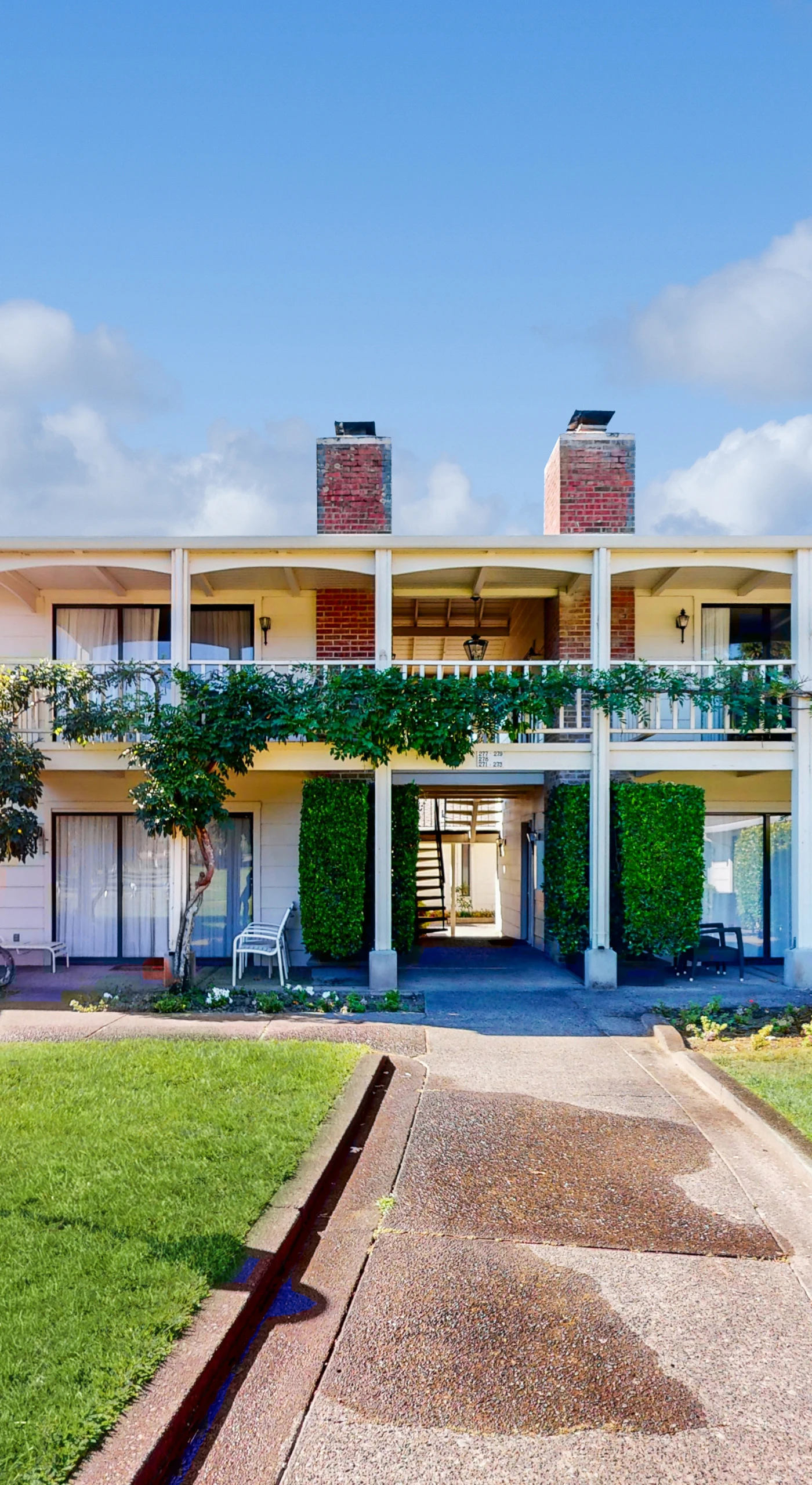 Welcome to your Napa Valley resort retreat — a charming two-story condo with ivy-draped balcony, manicured lawns, and classic lantern-lit walkways at Silverado Resort.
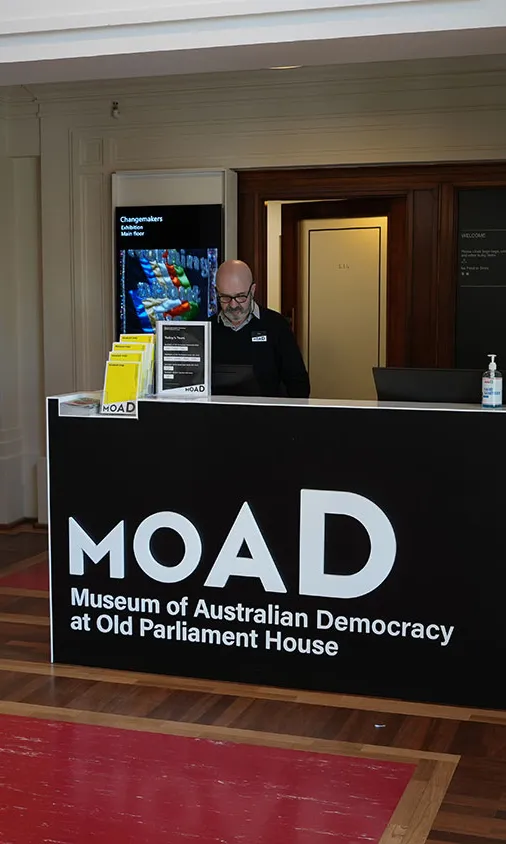 A museum staff member wearing a black sweater and name badge stands behind the main entrance reception desk at MoAD, the Museum of Australian Democracy at Old Parliament House.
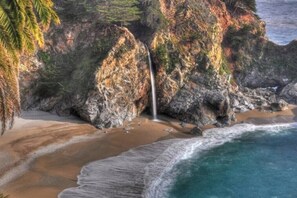 A coastal landscape with a waterfall, rocky cliffs, and a sandy beach. - Private Coastal Retreat Near Monterey Bay & Beach! (Marina)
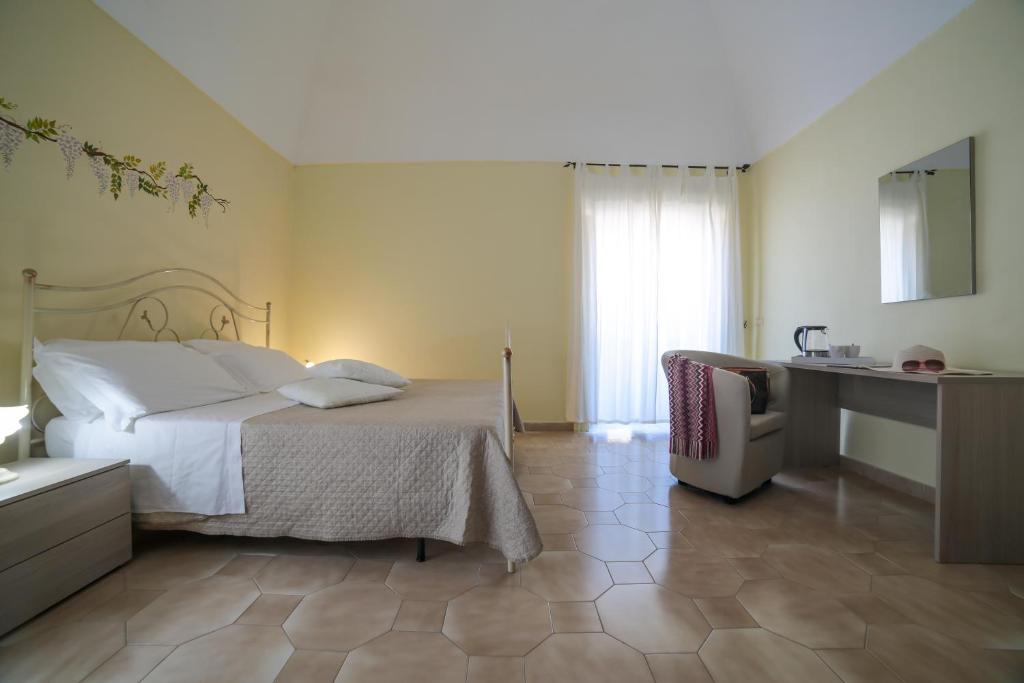 a hotel room with a bed and a desk and a desk at Flowers apartments & rooms in Meta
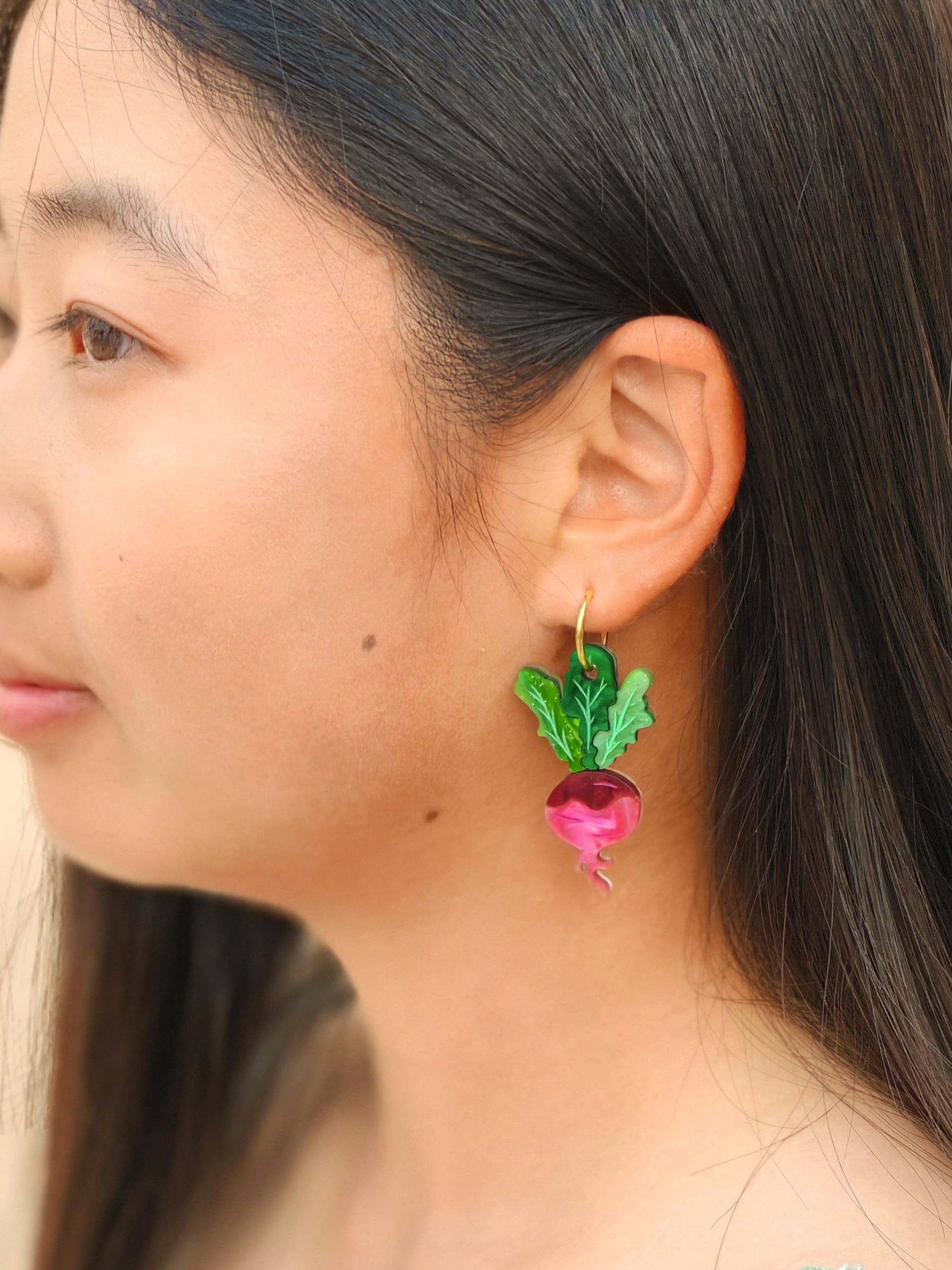 Model wearing Ruby Radish Dangle earrings by Sunnie Creative, displaying the quirky design of radish earrings, suitable for casual wear.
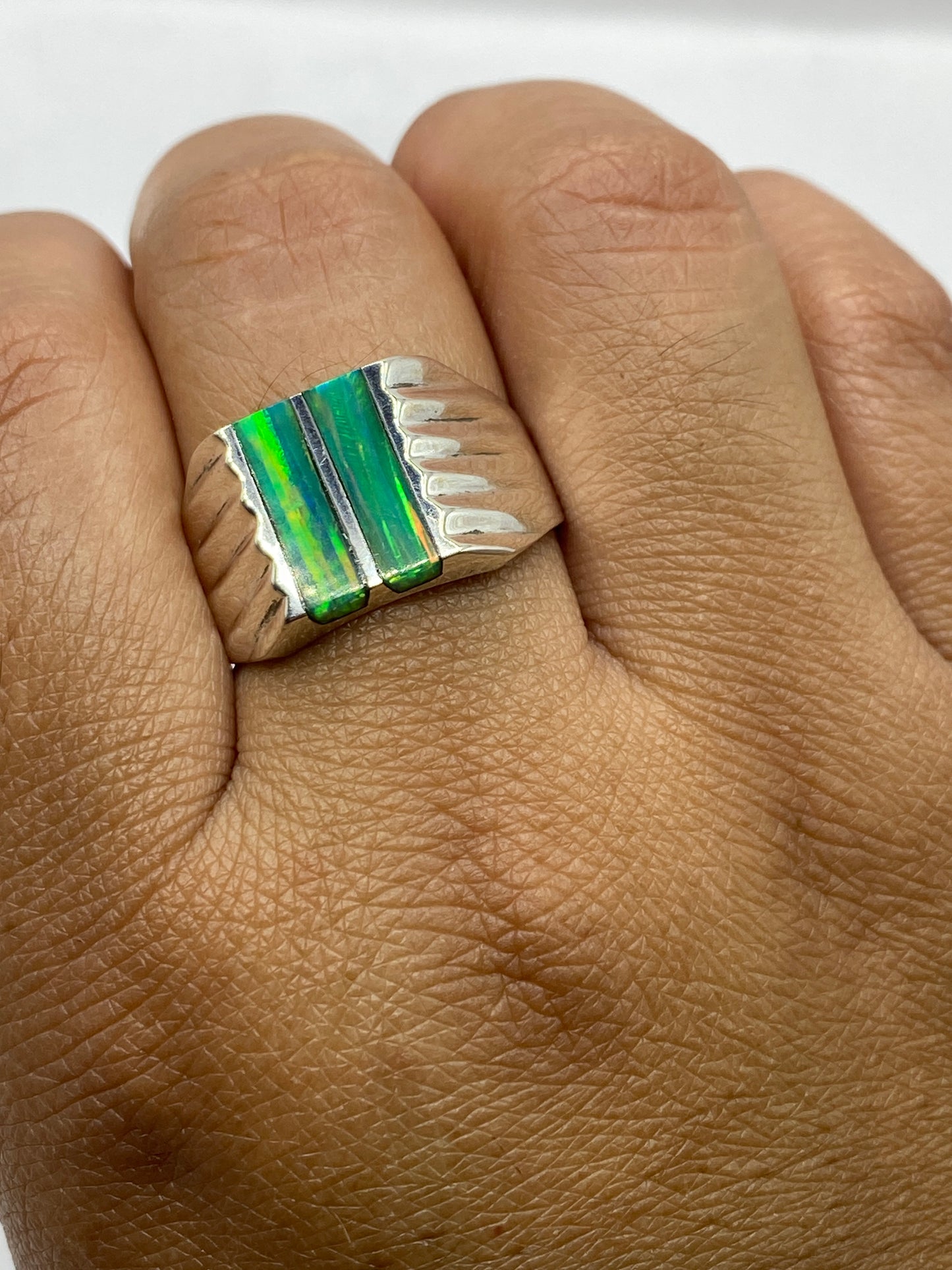 Anillo en dedo de hombre sobre fondo gris, mostrando proporción y presencia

++++++++++

_Exercise details:_
Beginning with the line containing "Model wearing Ruby" and ending with the last line of the listing above, output those lines exactly as written, without pictures.

_Task solution:_
 Model wearing Ruby Radish Dangle earrings by Sunnie Creative, displaying the quirky design of radish earrings, suitable for casual wear.
 Anillo en dedo de hombre sobre fondo gris, mostrando proporción y presencia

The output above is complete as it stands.